Experience: Previous office experience in a hospital or medical office, patient access or financial services preferred. Good math skills and typing proficiency. Must have exceptional customer service skills as well as verbal and non-verbal communication skills.

Education: High School diploma or equivalent required. 

Special Qualifications: Ability to work independently. Ability to interact well with the public, i.e. children, adolescents, adults and geriatric. Ability to work in a fast-paced, high-stress environment. Certified Patient Accounts Representative (CPAR) or Certified Healthcare Access Associate (CHAA) preferred.

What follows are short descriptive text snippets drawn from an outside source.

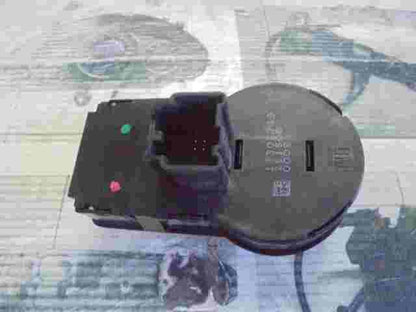 Lichtschalter Chevrolet Cruze 2 (J300) 13301749 251506 0008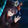 Anima121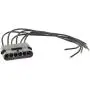 Standard Motor Products HP7370 Connector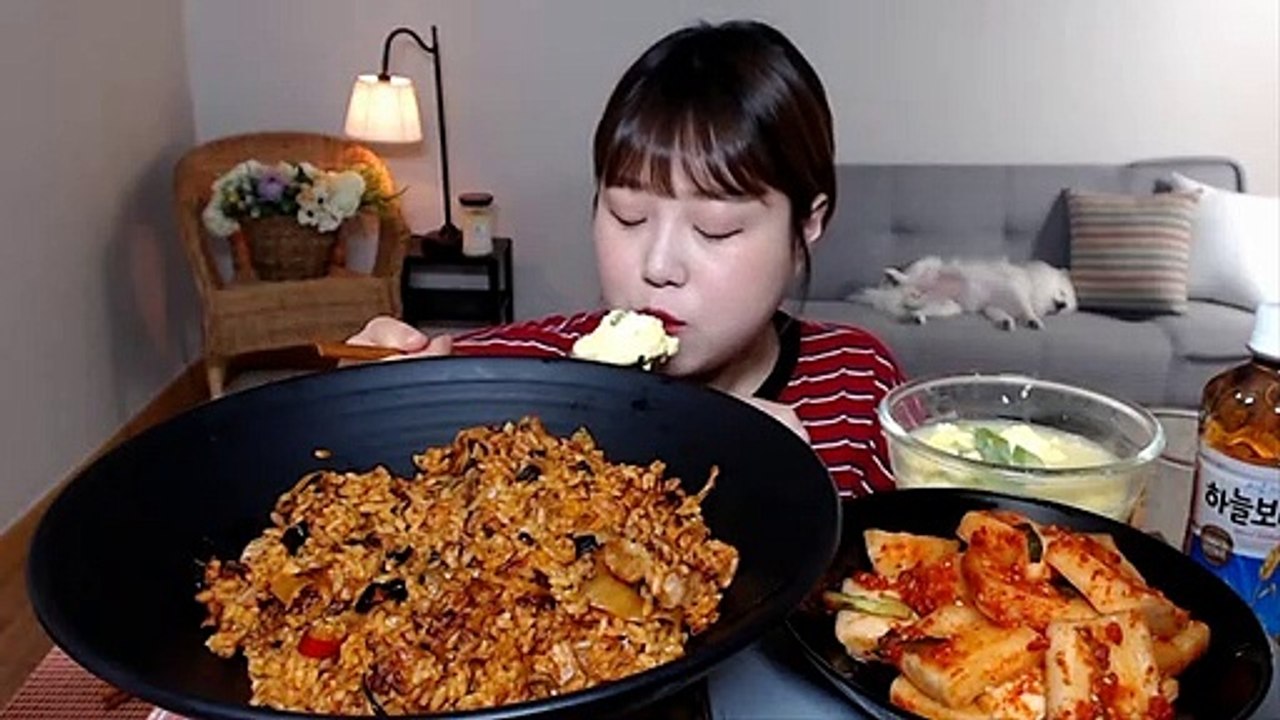 칠곡출장안마 -후불100%ョOiOC7307C5207｛카톡SBS88｝ 칠곡전지역출장안마 칠곡오피걸 칠곡출장마사지 칠곡안마 칠곡출장마사지 칠곡출장콜걸샵 Р₸у칠곡출장샵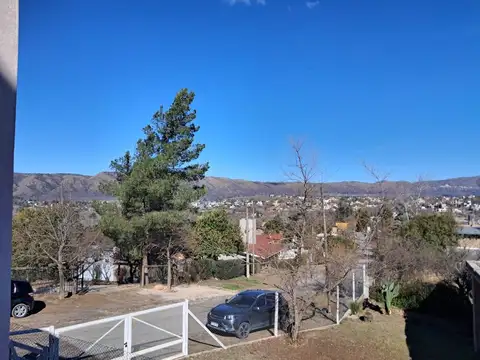 Casa en Venta 24 años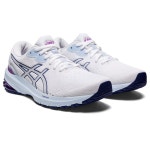 ASICS 여성용 GT-1000 8 신발 : 솔라리테일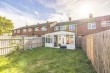 Long Furlong Drive, Britwell Estate, Slough - Thumbnail 13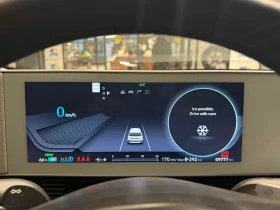 Hyundai Ioniq 5 Preferred RWD with Long Range - 27500 € / 53785.32 лв. - 48576563 10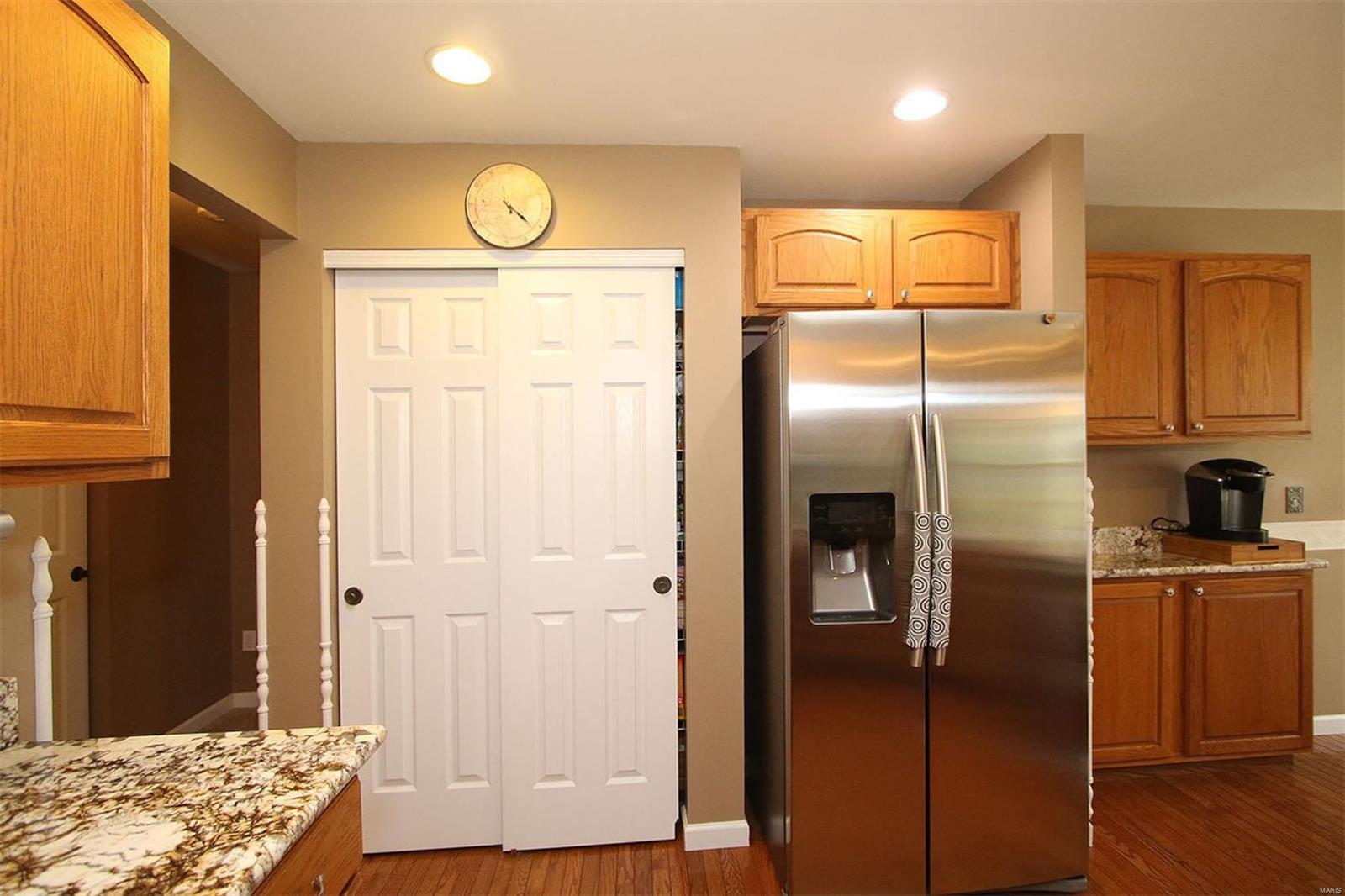 2208 Rachels Way Belleville, IL 62221 - Photo 25 of 47 Gallery Image 25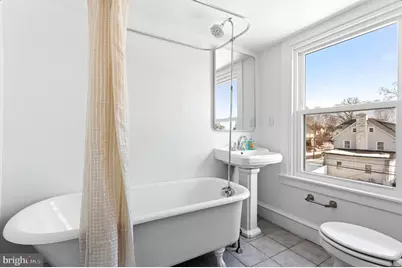 840 Lindale Avenue, Drexel Hill, PA 19026 - Photo 21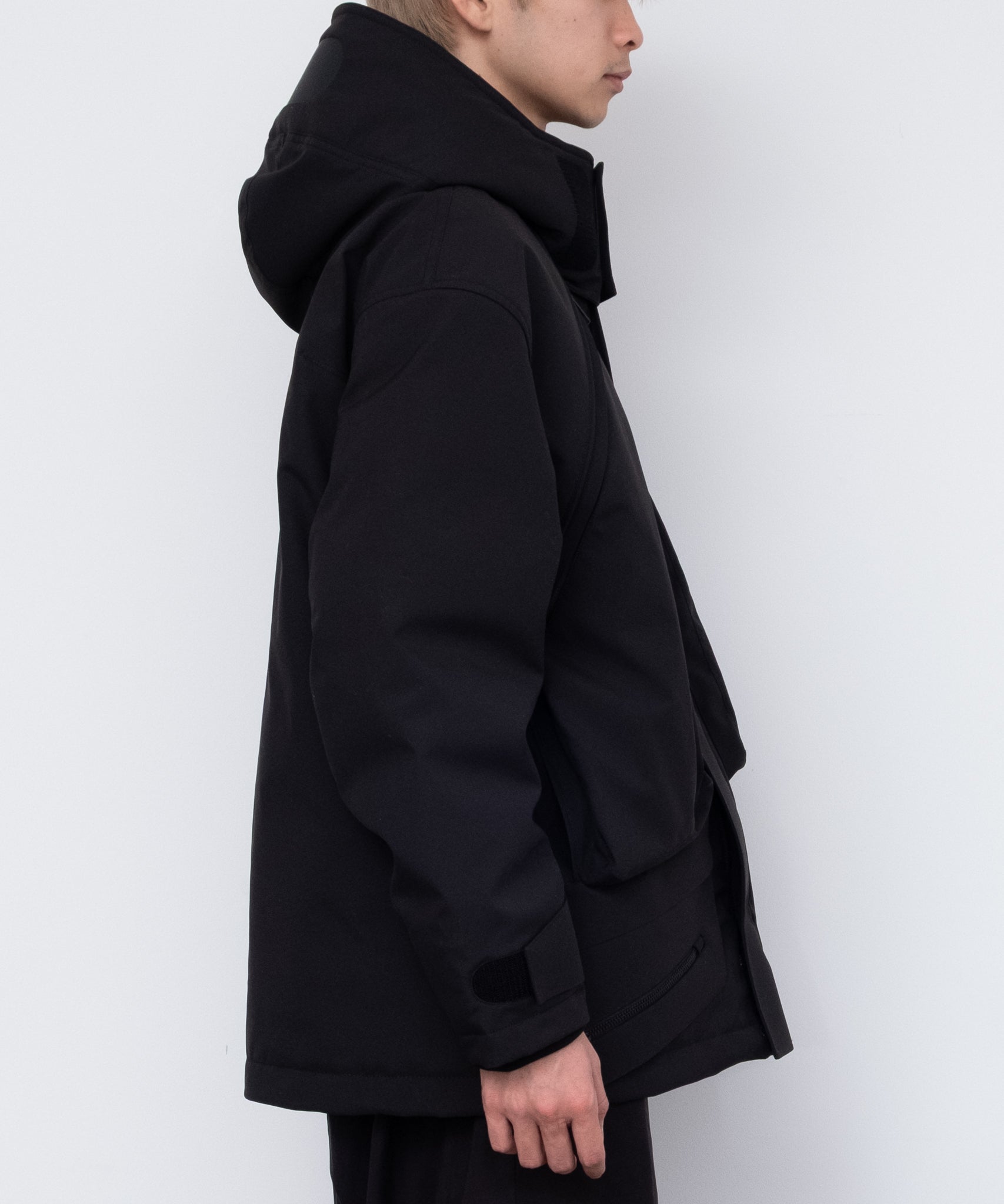 NornTEX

The Hughston Clinic, The Hughston Foundation, The Hughston Surgical Center, Hughston Clinic Orthopaedics, Hughston Medical, Hughston Orthopaedics Trauma, Hughston Orthopaedics Southeast and Jack Hughston Memorial Hospital participate in E-Verify. This company is an equal opportunity employer that recruits and hires qualified candidates without regard to race, religion, color, sex, sexual orientation, gender identity, age, national origin, ancestry, citizenship, disability, or veteran status.